=== Section Start ===

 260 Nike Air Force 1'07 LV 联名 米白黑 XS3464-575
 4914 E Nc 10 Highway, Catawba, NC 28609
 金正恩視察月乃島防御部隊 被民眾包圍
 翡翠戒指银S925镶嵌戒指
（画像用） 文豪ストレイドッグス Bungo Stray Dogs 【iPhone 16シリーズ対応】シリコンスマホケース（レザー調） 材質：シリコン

=== Section End ===
=== Section Start ===

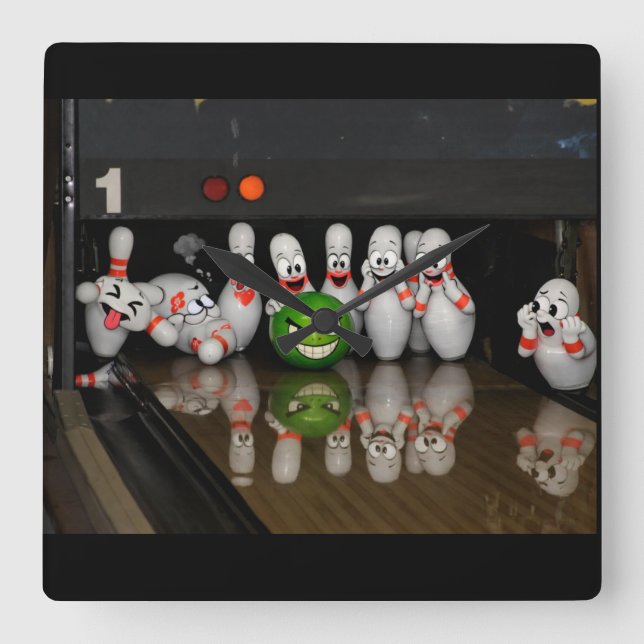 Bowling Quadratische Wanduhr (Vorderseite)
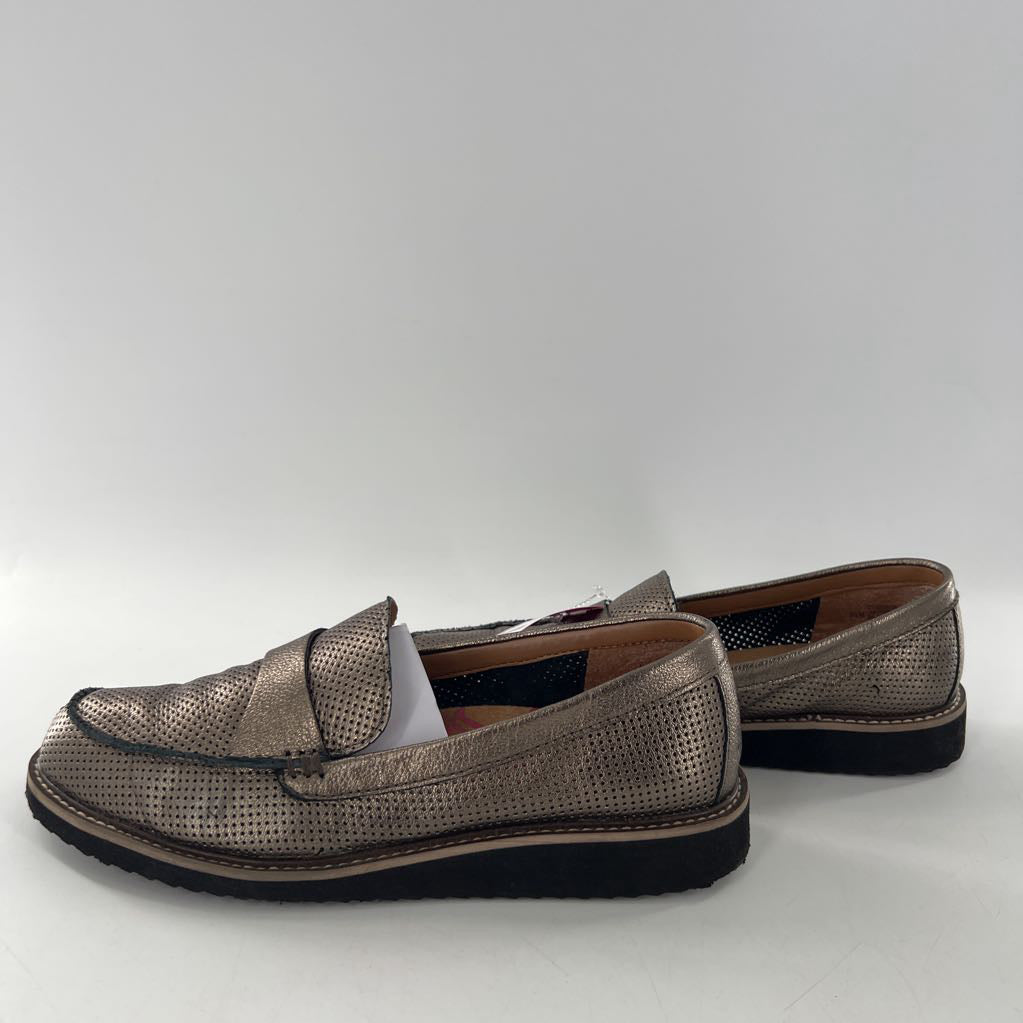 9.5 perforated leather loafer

=== Section End ===
=== Section Start ===

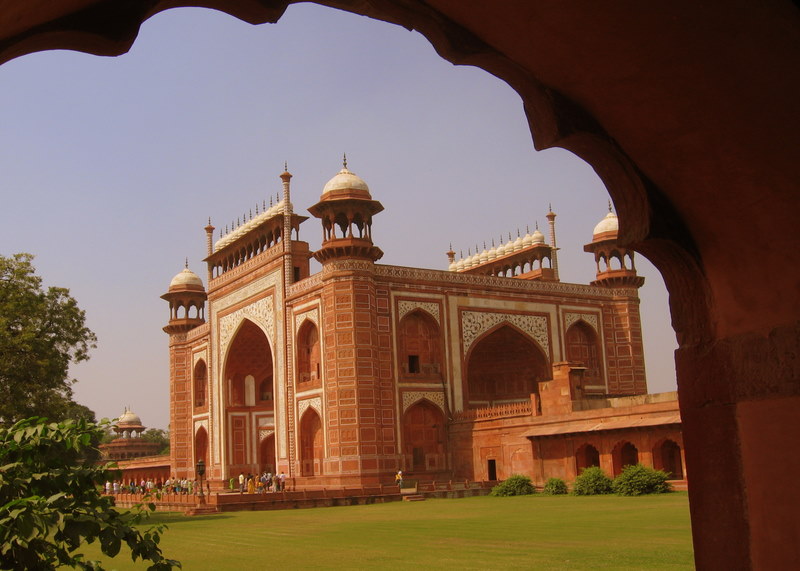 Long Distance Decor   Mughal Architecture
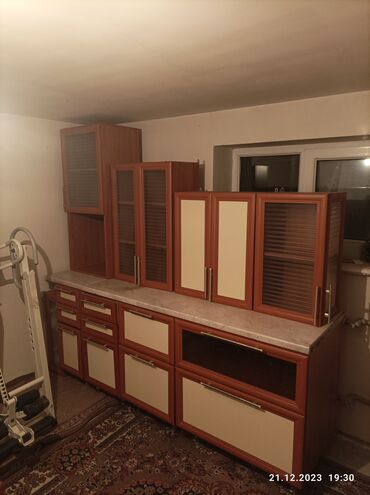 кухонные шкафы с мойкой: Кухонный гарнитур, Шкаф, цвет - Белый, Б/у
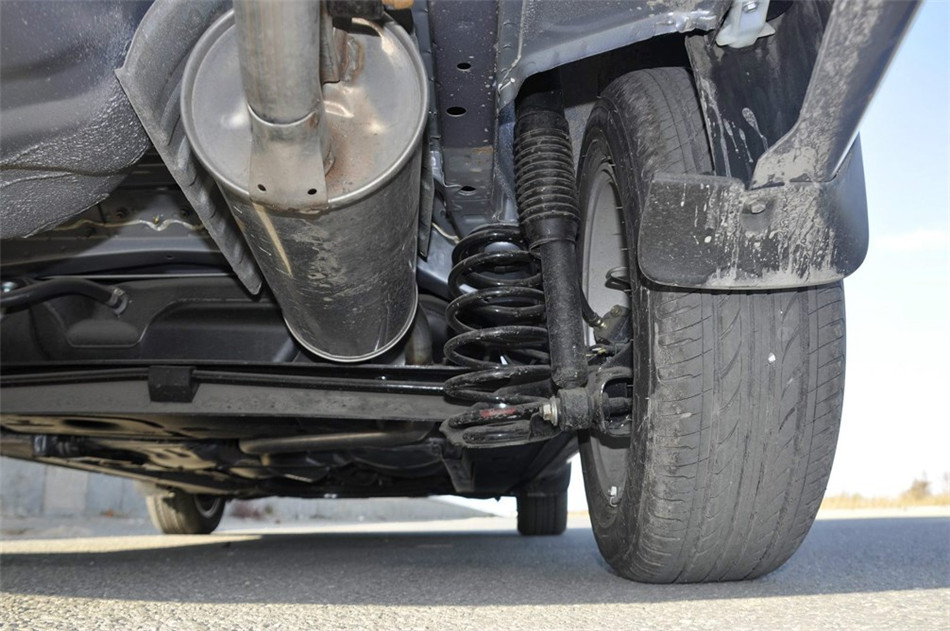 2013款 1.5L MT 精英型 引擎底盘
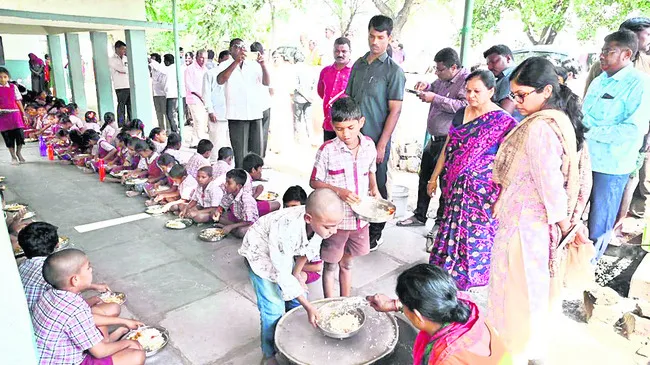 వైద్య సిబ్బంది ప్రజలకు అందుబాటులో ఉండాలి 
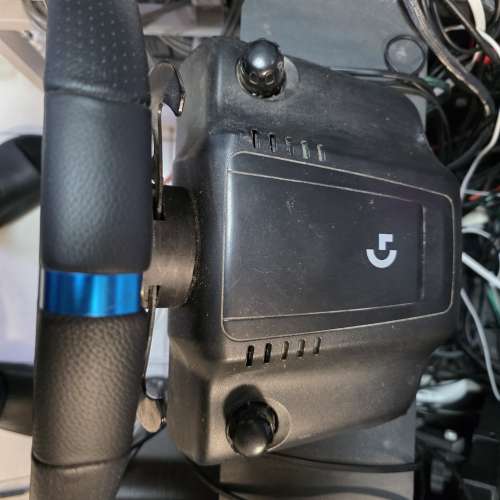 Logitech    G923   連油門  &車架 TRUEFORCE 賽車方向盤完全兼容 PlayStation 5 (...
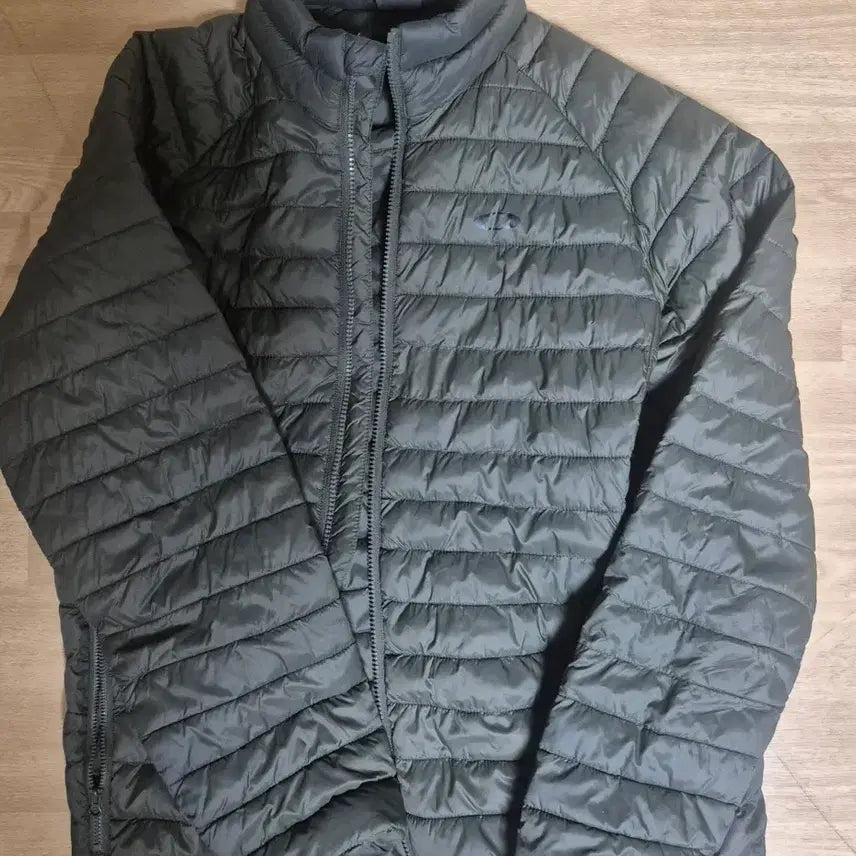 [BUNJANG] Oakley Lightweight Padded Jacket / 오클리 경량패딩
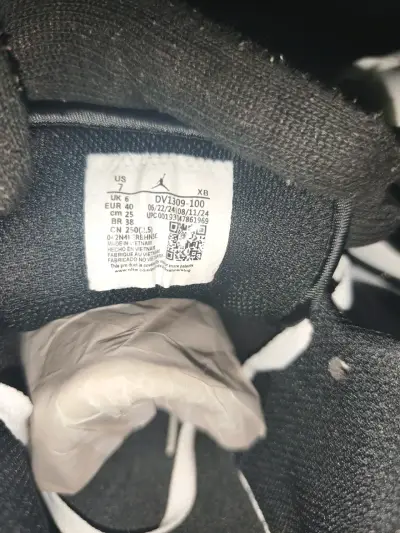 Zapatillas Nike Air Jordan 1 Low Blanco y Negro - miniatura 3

=== Section End ===

● **Instructions for the task**
Reproduce exactly the lines of the data above that run from the line with "Long Distance Decor" down to the line with "Zapatillas Nike Air", both ends included. Pictures do not belong in the copy.

● **Task response**
 Long Distance Decor   Mughal Architecture
 кухонные шкафы с мойкой: Кухонный гарнитур, Шкаф, цвет - Белый, Б/у
 2013款 1.5L MT 精英型 引擎底盘
 వైద్య సిబ్బంది ప్రజలకు అందుబాటులో ఉండాలి 
 Logitech    G923   連油門  &車架 TRUEFORCE 賽車方向盤完全兼容 PlayStation 5 (...
 [BUNJANG] Oakley Lightweight Padded Jacket / 오클리 경량패딩
 Zapatillas Nike Air Jordan 1 Low Blanco y Negro - miniatura 3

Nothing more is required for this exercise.